One thing that they did was go on daily runs for about three miles. Then one day, Bruce Lee was like “we’re going to run five miles today” and John Little’s like “I don’t think I can do this, but I’ll try”. So they’re running, and they hit three miles and John is doing okay. Then after about another mile, he’s like “Bruce I can’t take it anymore. If we keep going I’m going to die.” Bruce then turned to him and he said, “Then die.” This made John so angry that he completed the five miles.
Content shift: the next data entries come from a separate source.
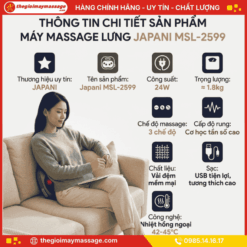 Thông Tin Chi Tiết Sản Phẩm Máy Massage Lưng JAPANI MSL-2599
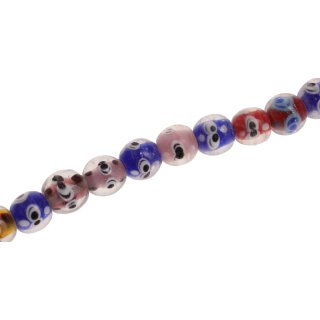 Glass Beads Shiny w design multicolor round / 12mm / 36pcs.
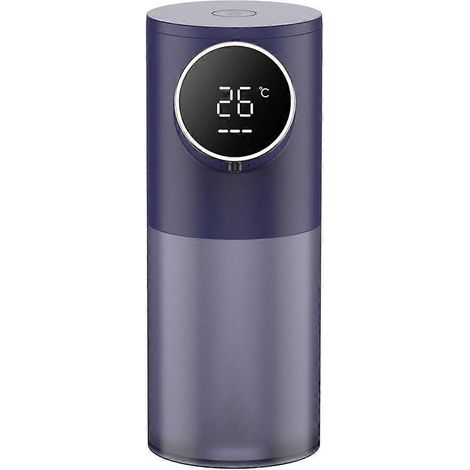 Distributeur de savon mousse rechargeable automatique 320 ml, distributeur de savon liquide, affichage numérique, distributeur de savon mousse pour les mains, bleu (1/5)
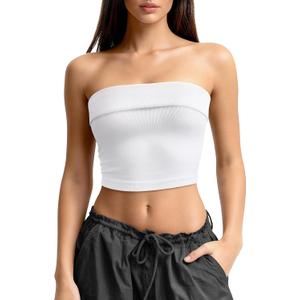 OLCHEE Womens 2PK Tube Tops Off Shoulder Seamless Ribbed Strapless Sleeveless Side Ruched Slim Fitted Summer Going Out Top (M)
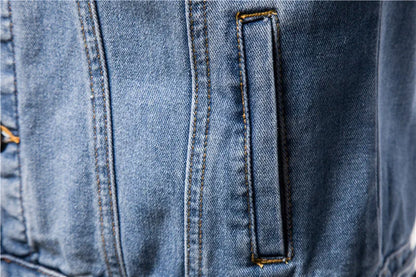 Men Denim Coat Casual Coats Turn Down Collar Full Sleeve Jackets Single Breasted Regular Pocket Button Jacket Splice Autumn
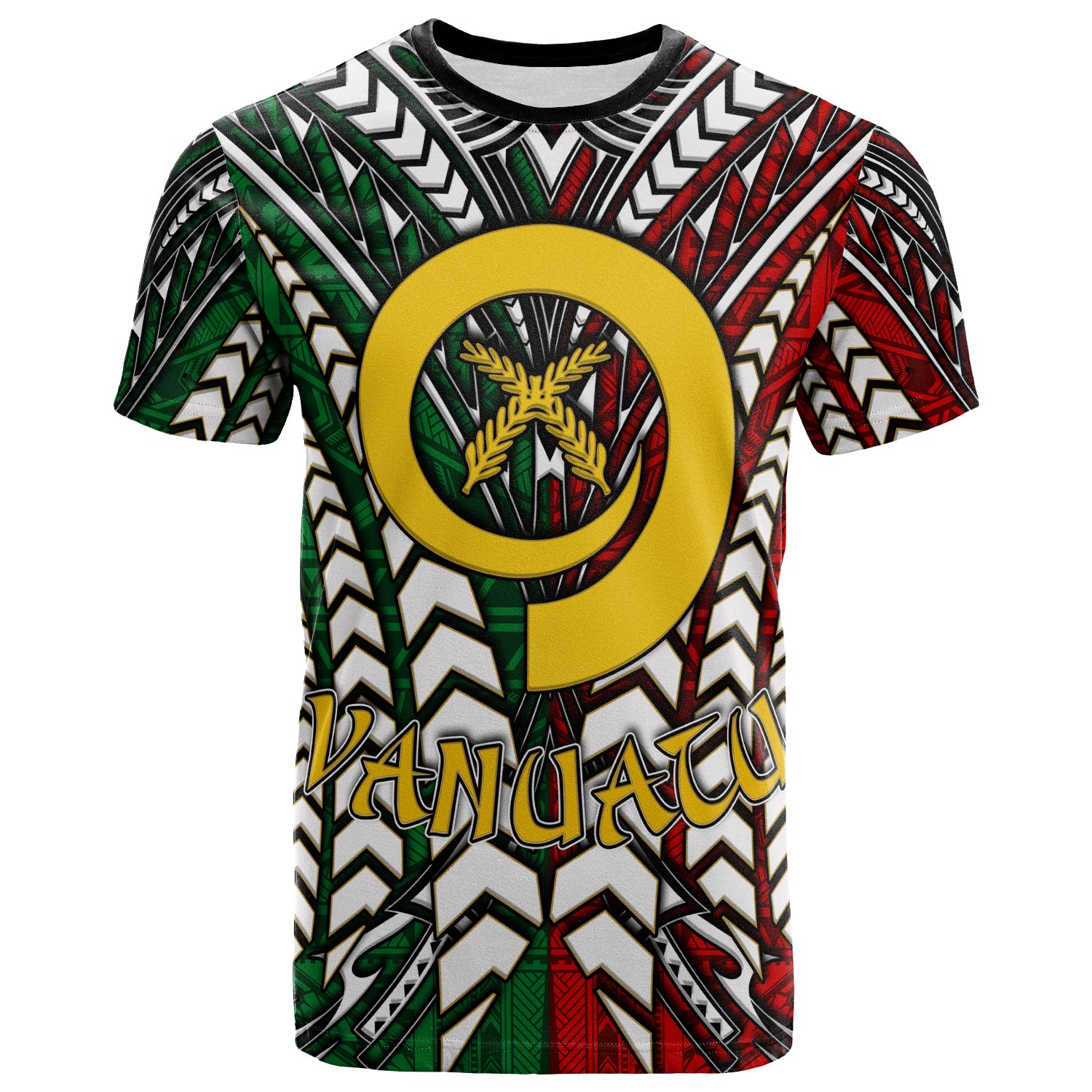 Vanuatu T Shirt Custom Vanuatu Independence Anniversary With Arm Polynesian Patterns T Shirt LT10 Green - Polynesian Pride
In this situation, the culture of my house would have said ,”Okay, let’s slow down for a bit then.” My house’s culture encourages you to operate within your limits and maybe push then a little, but frowns upon attempts to blow past your limits entirely. It asks you to try your best and, if you fail, reassures you that this is fine and you can’t expect perfection from yourself. It doesn’t ask you to push your limits until you break.
This was good for me, at the time. Unconditional love and positive regard made it easier for me to grow into the person I was meant to be. But the warm waters of acceptance contain little fire and little spark, no hot fury and no cold resolve.
In practice, being at your limits doesn’t feel like being at your limits. In practice, you feel at your limit far before your true limits. I can do 30 push-ups with moderate effort. If I strain, I can manage 40. With what feels like immense effort, I can manage 50. How many could I do if my life was at stake? If my choices were 100 push-ups or death, would I be able to manage? I have never found out, nor do I intend to, but I think it might be possible.
I have something that I must protect. I care about it much more than my own life. What sort of effort does wanting something so much demand from me? My very best, and then some more. Perfection, because everything else gives me less of a chance.
Brains have limits; working yourself ragged is not a virtue. But you can still optimize within these limits. There exists some minimum leisure necessary to maintain productivity, some minimum happiness necessary to maintain motivation, some minimum play necessary to maintain health. Taking anything more is wasted motion.
Be perfect. Waste nothing. Don’t content yourself with anything less.